**TASK PROMPT**
Leave every image behind and restate the data word for word.

**DATASET CONTENT**
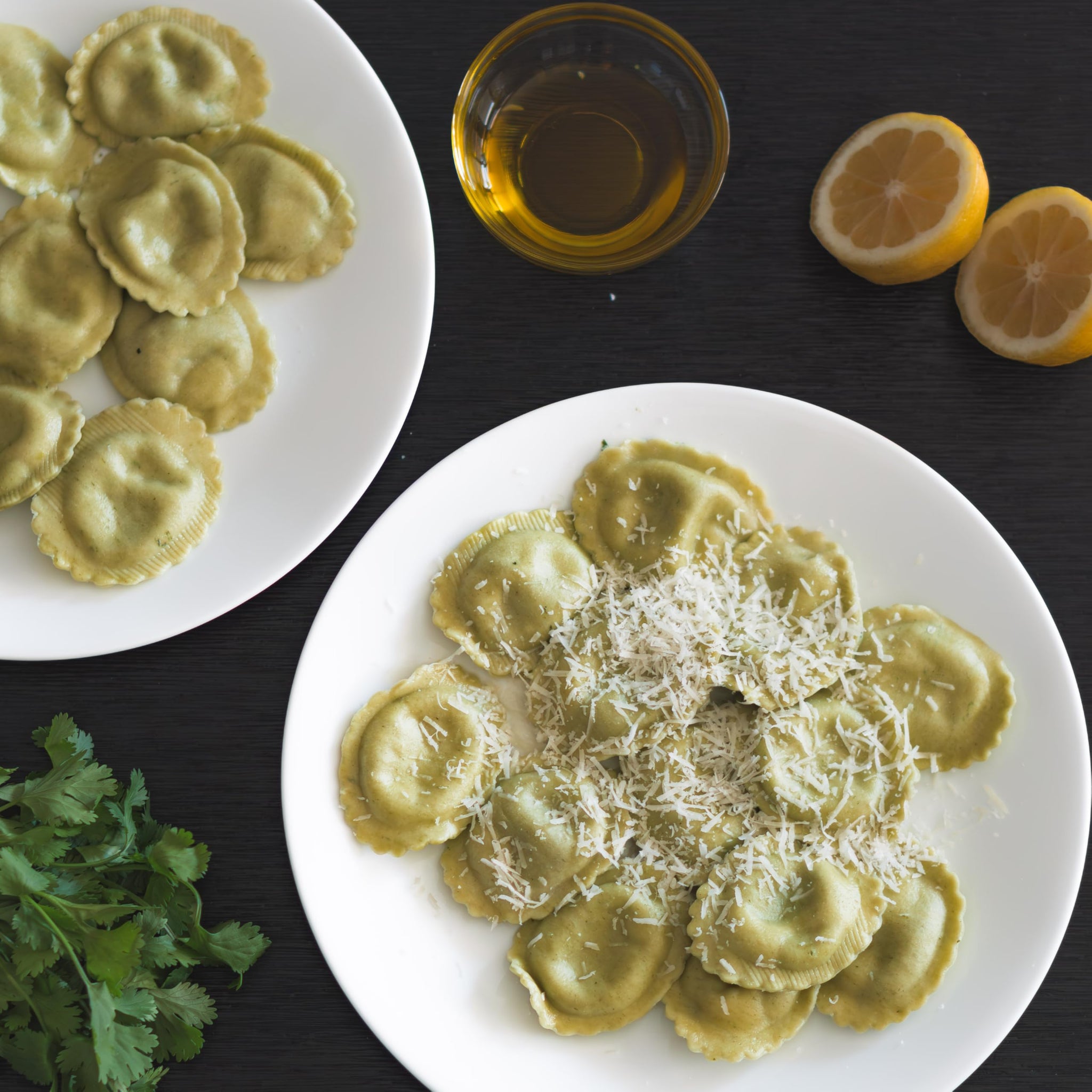 Authentic Cacio e Pepe Bundle with Roasted Corn Ravioli, Handmade Bucatini, DOP Pecorino Romano & Parmigiano Reggiano, DOP Extra Virgin Olive Oil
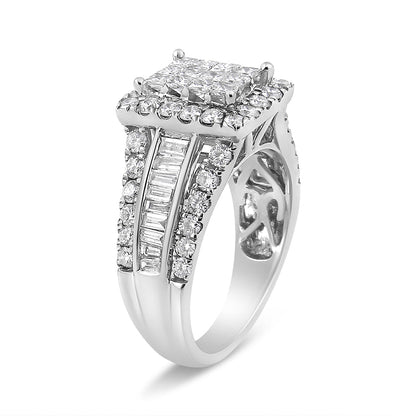 14K White Gold 2.00 Cttw Composite Head with Halo and Side Stones Diamond Ring (H-I Color, SI1-SI2 Clarity) - Ring Size 7 Bids.com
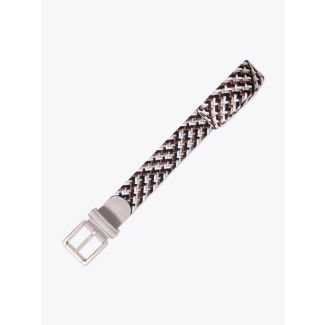 Anderson's Suede-Trimmed Elasticated Belt Black-White-Silver-Brown Front View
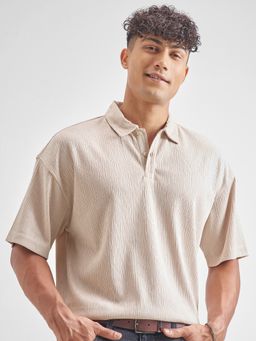 HIGHLANDER - Men Cream Oversized Polo T-Shirt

**ANSWER BELOW**
 Authentic Cacio e Pepe Bundle with Roasted Corn Ravioli, Handmade Bucatini, DOP Pecorino Romano & Parmigiano Reggiano, DOP Extra Virgin Olive Oil
 14K White Gold 2.00 Cttw Composite Head with Halo and Side Stones Diamond Ring (H-I Color, SI1-SI2 Clarity) - Ring Size 7 Bids.com
 Anderson's Suede-Trimmed Elasticated Belt Black-White-Silver-Brown Front View
 HIGHLANDER - Men Cream Oversized Polo T-Shirt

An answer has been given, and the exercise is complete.